To encourage investments financed with own funds, a deductible allowance on own funds has been introduced. This allowance is calculated by multiplying a base (‘allowance base’) by a rate (‘notional interest rate’).

  • The calculation basis is the difference between the amount of equity (as defined in Article 3(6) and (7) of the proposed DEBRA Directive) at the end of the tax year and the amount of equity at the end of the previous tax year.

  • The rate (notional interest rate) is composed of a risk-free interest rate (specific to each currency) for ten-year debt. This rate is then increased by a risk premium of 1% or, in the case of small and medium-sized enterprises (SMEs), by a risk premium of 1.5% (financing of SMEs is generally perceived as riskier ).

  • The equity deduction calculated in a given year is deductible for ten consecutive tax years. To avoid tax abuse, the deductibility is limited to 30% of EBITDA for each year.

  • If the taxable profit is insufficient to prevent the deduction of part of the calculated allowance, this part may be carried forward without time limit.

Any unused equity deduction in excess of 30% of taxable income can be carried forward, for a maximum of five tax years.

2. Limitation of the interest deduction

On the other hand, to discourage recourse to debt, the proposal introduces a limitation on the deduction of interest. A maximum of 85% of the excess borrowing costs (interest paid less interest received) will be deductible from the tax base. Thus, 15% of these costs will not be deductible.

In order to prevent the capital allowance from being used for unintended purposes, the proposal contains several anti-abuse rules.

Competition between the current ATAD 1 interest limitation rules and the proposed interest deduction limitation may occur. In this case, the DEBRA limitation applies first. The ATAD 1 limitation comes next. If the result after applying the ATAD 1 rules is a lower deductible amount, the difference can be carried forward or back.

Comments from a Dutch tax perspective

The DEBRA proposal encompasses a carrot and a stick for taxpayers.

Many welcome the equity deduction allowance (carrot) as a useful tool to support business recovery from the COVID-19 pandemic and to create an incentive to invest through equity.

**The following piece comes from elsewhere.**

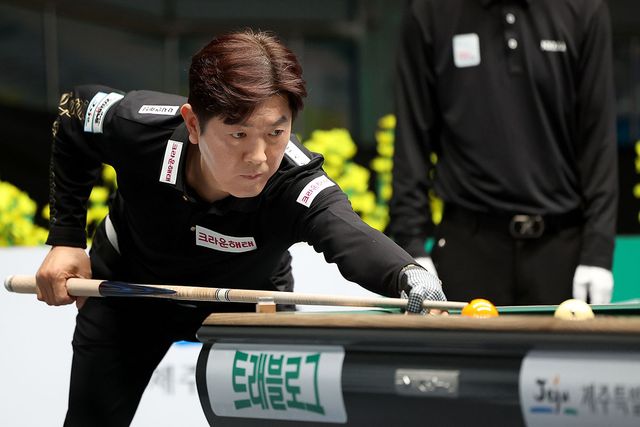 최종전에서 강동궁을 제압하고 16강에 오른 김재근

At the same time, a (further) limitation on the interest deduction further restricts companies in their possibilities for debt financing (stick).

There are also questions about the competition between ATAD 1 and the DEBRA proposal. For example, the interest deduction rule in DEBRA refers to Section 4 of ATAD 1 for the purpose of calculating non-deductible interest. However, EU member states may have implemented ATAD 1 differently, with EBITDA percentages below 30% (such as the Netherlands), still lower deductible borrowing cost overrun thresholds to 3 million euros (such as the Netherlands) or such an EU member state. states may have chosen to introduce the grandfather clause (which DEBRA does not contain).

Consistency between the proposed interest deduction limitation and ATAD 1 could result in the permanent loss of some of the excess funding cost. The proposal could also affect the applicability of the often favorable Dutch participation exemption. The equity allowance may result in a reduced tax burden compared to non-EU entities unable to apply the equity allowance.

The taxability test (ie the income is subject to actual income tax of at least 10%) would be more difficult to pass. Due to the combination of local tax base differences with the proposed equity allowance, it becomes more complex to fully calculate a country’s effective tax rate (especially if it is a subsidiary outside the EU).

Finally, with regard to the second pillar of the OECD (comprehensive minimum tax), the financial statements may not take into account the proposed equity deduction, which could have an impact on the effective tax rate recognized for purposes of the second pillar.

The equity deduction is a welcome incentive for equity financing which can, in particular, help start-ups and scale-ups. While complicated factors such as the effect on the participation exemption and the second pillar make it interesting to see whether the DEBRA proposal in its current form will, and can ultimately, pass, taxpayers would be wise to review their structure of current funding, as well as their future funding mix.